Approaching Catwoman with an open mind proved to be difficult because the theatrical reviews gave the movie a fairly uniform shellacking. I have liked movies that no one seemed to appreciate before so I was hoping I would come away with a better opinion than average. The least I was hoping for was something so bad it would entertain me on a whole different level. I was disappointed on both accounts.
Catwoman tells the story of dowdy Patience Phillips (Halle Berry, as if she could ever be dowdy), a meek graphic artist who works for a large cosmetics firm headed by George and Laurel Hedare (Lambert Wilson and Sharon Stone). While trying to rescue a cat off the ledge of a building, she meets handsome police officer Tom Lone (Benjamin Bratt) (why is no one ever named Lebowski or Lundegaard except in Joel and Ethan Coen movies?) who rescues her after mistakenly assuming she is trying to commit suicide.
Patience stumbles on to some nefarious plan being hatched by the firm she works for and is murdered for her bad timing.

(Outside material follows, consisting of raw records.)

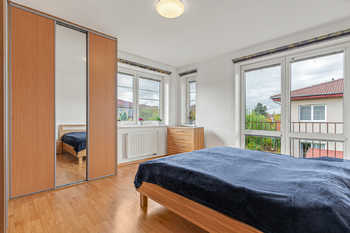 Ložnice - Prodej bytu 4+kk v osobním vlastnictví 100 m², Velké Přílepy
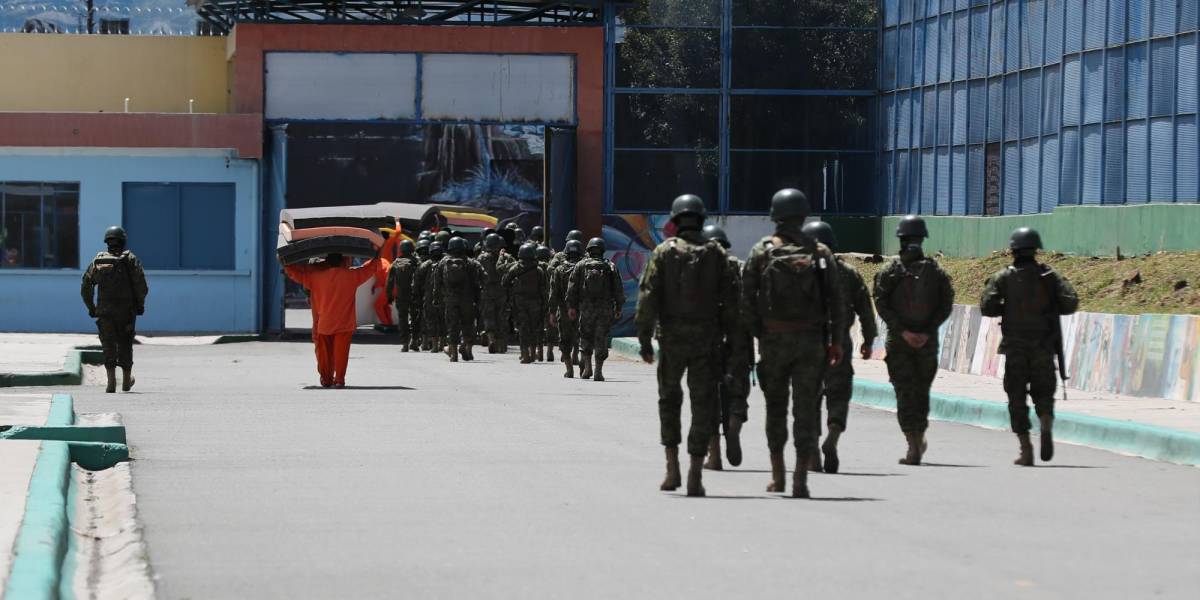 Se han llevado a cabo casi 200 operaciones antiterroristas en 54 días de conflicto armado interno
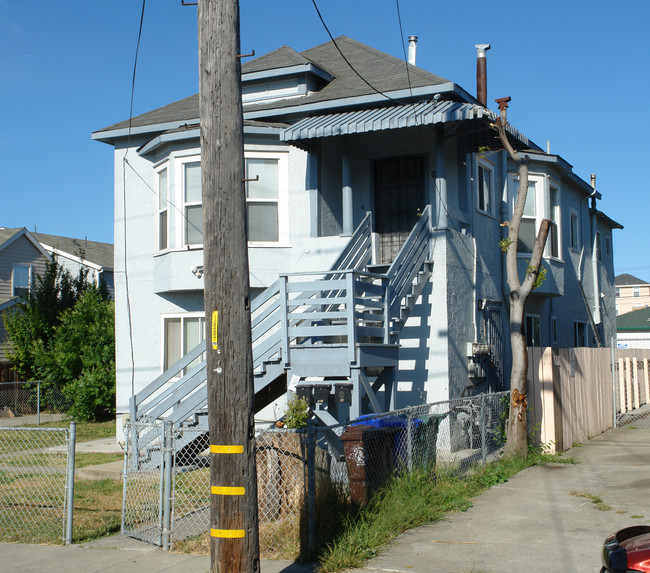 563-567 S 30th St in Richmond, CA - Building Photo - Building Photo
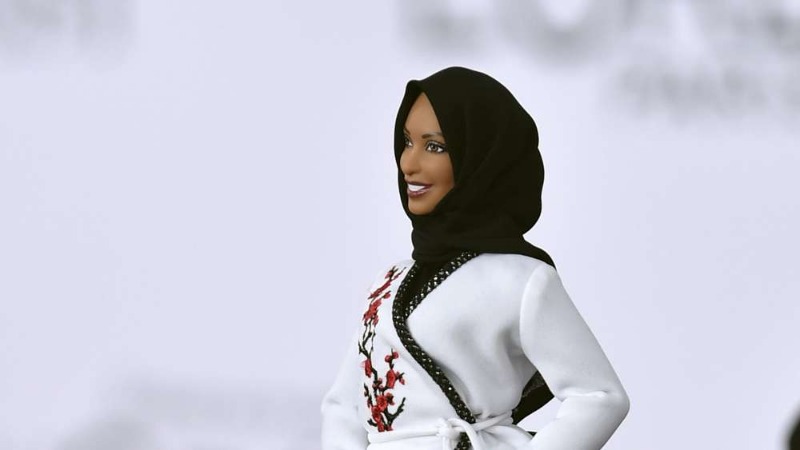 Общество: Барби стала мусульманкой, и одела хиджаб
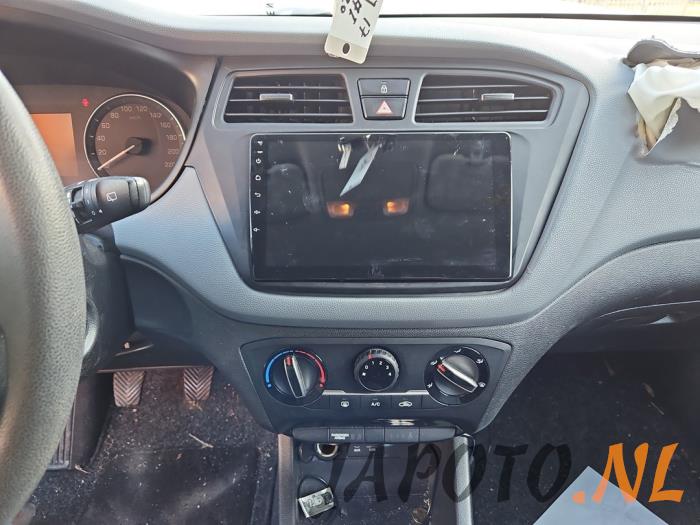 Hyundai i20 1.2i 16V Sloopvoertuig (2017, Wit)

The elusive kitty who she tried to save hacks up a mystical, vaporous hairball on her face and revives Patience, which also turns her into Catwoman so she can steal things (hey, just like my cat!), eat tuna, sleep on high shelves, and wreak vengeance on those who wronged her. Meanwhile her Patience persona gets into it hot and heavy with Tom romantically while her kitty woman persona does battle with the police officer.

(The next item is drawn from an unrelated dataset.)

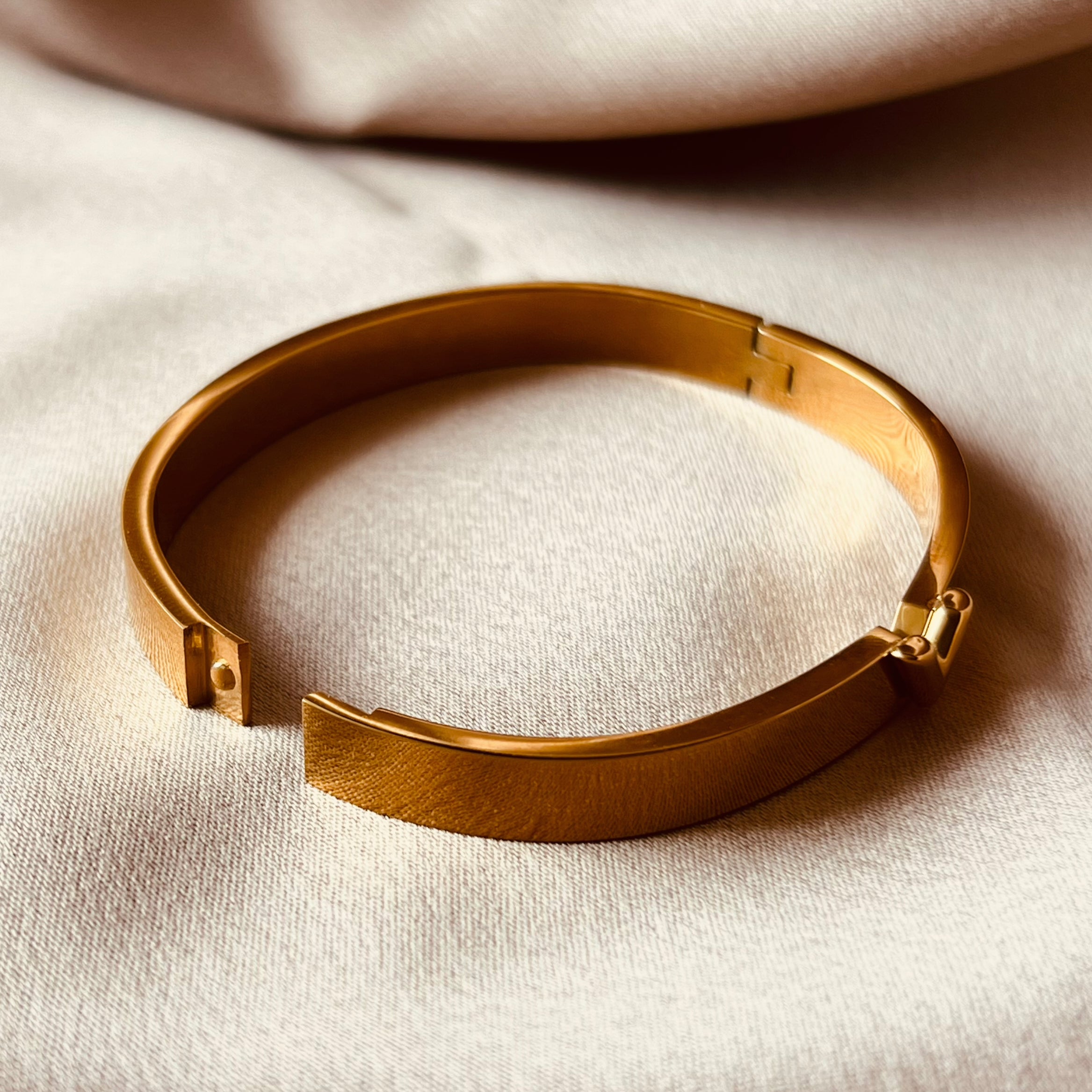 Brazalete V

Where to start on what is wrong with this movie? Up to the point where Patience is revived, the movie is fairly competent – characters are introduced, situations are set up, things happen – workmanlike but watchable. Then it all collapses as the movie starts meandering. Too much time is spent on establishing Patience’s cat-like behaviors and abilities, and expanding her relationship with Tom. To make matters worse, the direction and editing of the action sequences commit the unpardonable sin of confusing the audience as to what is going on. Would-be directors out there: it is entirely possible to film action sequences with the camera constantly in motion (see The Road Warrior) or with rapid edits (see The Terminator). It is of vital importance, however, that the people watching the film understand what is going on. In both examples I cited I never lost track of what the characters were doing.
The DVD release is as appropriately unremarkable as the movie itself. The sound and the picture quality are fine, but they aren't really anything to condemn or praise. The extras are somewhat bare bones and there are no commentary tracks. Fine by me, but it would have been a little interesting to hear some director’s comments as he has some explaining to do for some of his poor choices. Included is a standard behind-the-scenes documentary, trailers, and just-as-boring deleted scenes.

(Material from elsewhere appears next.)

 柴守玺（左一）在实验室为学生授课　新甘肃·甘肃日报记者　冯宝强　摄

I did enjoy the featurette “The many Faces of Catwoman” because it explored in surprising depth the incarnations of the character in the Batman comics as well as in the television shows and movies. I’m forever complaining about the lack of supplementary material in DVD extras and here is one of the best examples I have recently seen, containing interviews with all of the actresses who have played her, including Julie Newmar, Eartha Kitt, and Michelle Pfeiffer. Of course the net result of this featurette was to remind me of far more entertaining characters and shows.
Overall what is so frustrating about this movie is that it could have been decent with only a few changes. Not every superhero movie has to be Spider-Man (although that would be okay, too). Better direction and a tighter script might have produced an entertaining movie, although I have no real problems with the cast or the premise. The ultimate condemnation of this movie came from my husband, who watched Catwoman with me. He has standard entertainment tastes and is a good gauge as to what the general movie going public will like. About three quarters of the way through the movie he yawned, and left to go play Battlefield 1942. No matter what else is right or wrong, the one insurmountable error any movie can make is to bore its target audience to the point where they leave.